How tall are you OP?


----------



## 54UD4D3 (Feb 6, 2020)

That's a nice transformation tbh. I hope i can look somewhat good in a year from strict gymcelling but it's discouraging when i see how disproportionate and unaesthetic my body is plus the mild gyno left from when i was fat.


----------



## Razle (Feb 6, 2020)

Nosecel said:


> You made an account just to brag about your body?


Nah I’ve been browsing for awhile, but didnt think of it until you mentioned it tbh. I’m going to start posting more though


Mr.cope said:


> Looks like you got fatter which slowed your process even more. You can literally get lean in like 2 months if you are skinny fat


Yeah. This was my biggest regret.
I read about the consequences of dirty bulking but I still did it because I was niave I guess. You’re 100% right though


----------



## Limbo (Feb 7, 2020)

Razle said:


> Nah I’ve been browsing for awhile, but didnt think of it until you mentioned it tbh. I’m going to start posting more though
> 
> Yeah. This was my biggest regret.
> I read about the consequences of dirty bulking but I still did it because I was niave I guess.

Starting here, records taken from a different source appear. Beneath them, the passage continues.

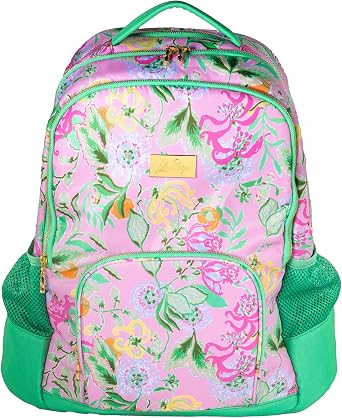 Lilly Pulitzer Large Backpack, Via Amore Spritzer | Cute Book Bag with 3 Zipper Compartments, Adjustable Padded Straps, Elastic Side Pockets, and Top Handle for Travel & Work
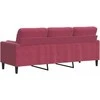 Trivietė sofa su pagalvėlėmis, raudonojo vyno, 180cm, aksomas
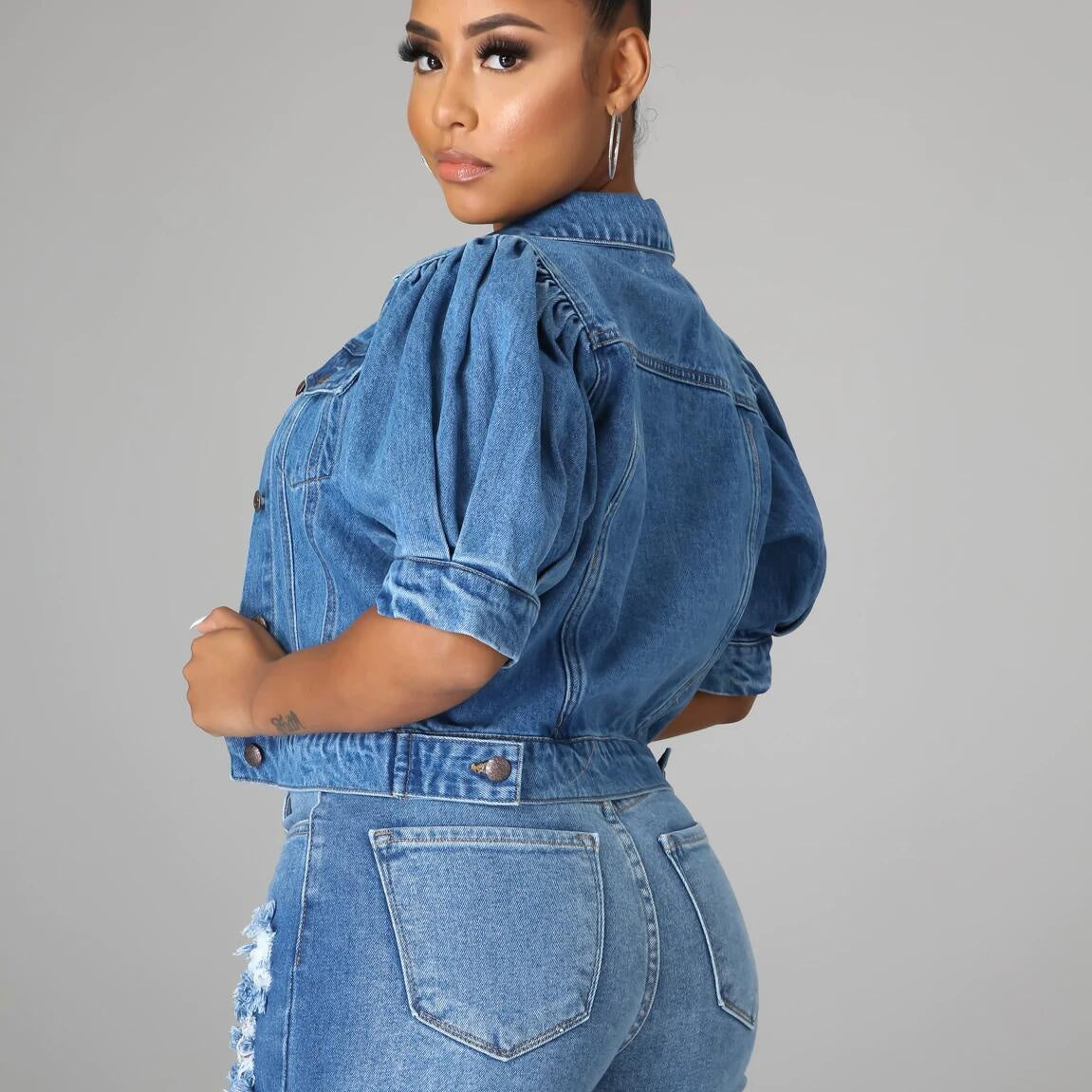The Elara Puff-Sleeve Cropped Denim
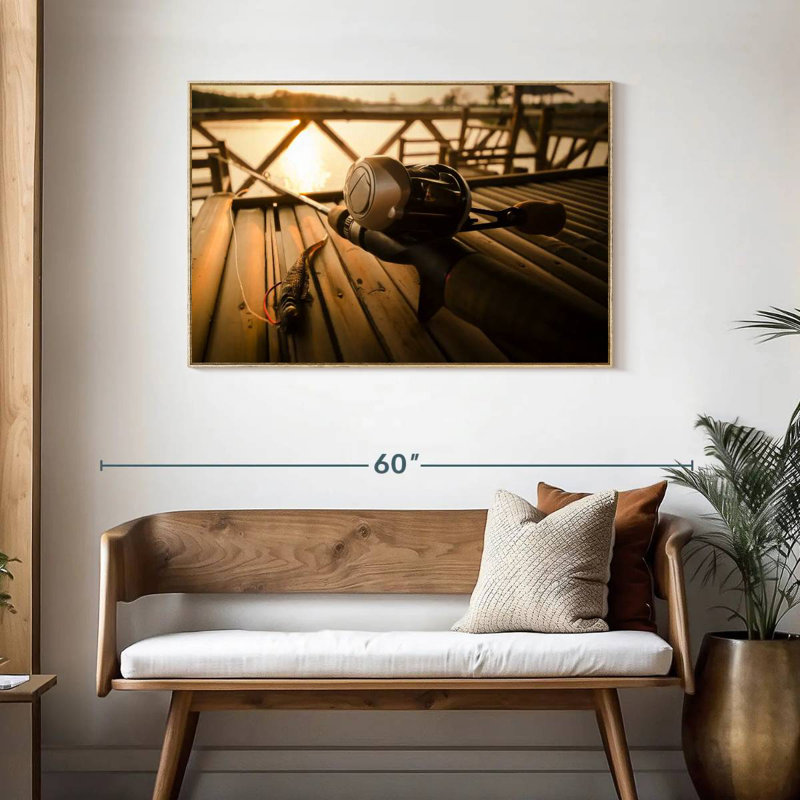 Ensemble de pêche à l'achigan, Cadre flottant en bois naturel, 43 po x 29 po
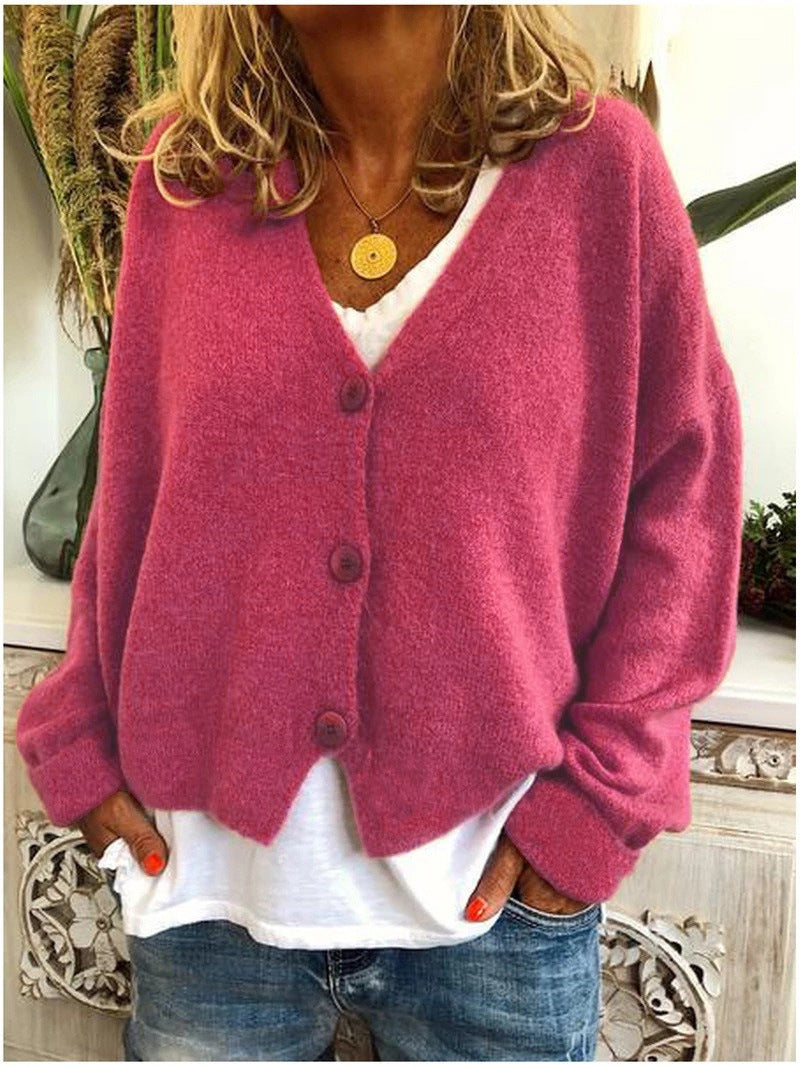 Donna | Loose Long Sleeve Knit Cardigan with V-neck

You’re 100% right though



How long will it take me to get shoulders like yours I have pretty wide frame but I'm skinny af so I get Mogged by fat people all the time? I'll send u a pm or just look at my first ever post


----------



## Razle (Feb 7, 2020)

Limbo said:


> How long will it take me to get shoulders like yours I have pretty wide frame but I'm skinny af so I get Mogged by fat people all the time? I'll send u a pm or just look at my first ever post


Dude fuck the fat people.
There are a lot of other variables that i don’t know about like your diet and how fast you are with learning how your body works so there’s no guessing how long it will take. 
If you know your shit and you have freak genetics probably ~6 months.
If you’re like any other highschool infrequent user probably around 2.5-3 years tbh


john2 said:


> How tall are you OP?


Around 5’10


----------



## Deleted member 3795 (Feb 7, 2020)

Thanks for the motivation OP. You look pretty good.
How old are you?


----------



## Razle (Feb 7, 2020)

SlavCelibate said:


> Thanks for the motivation OP. You look pretty good.
> How old are you?


Thank you.
I’m 18 yrs old
Motivation is why I posted this dude. If I can do it you can do it better


----------



## anti caking agents (Feb 8, 2020)

Razle said:


> 1.5 year
> View attachment 258441
> 
> 
> ...



Wait you got smaller? You are bigger in your post 1 month photo than your 1.5 year photo???!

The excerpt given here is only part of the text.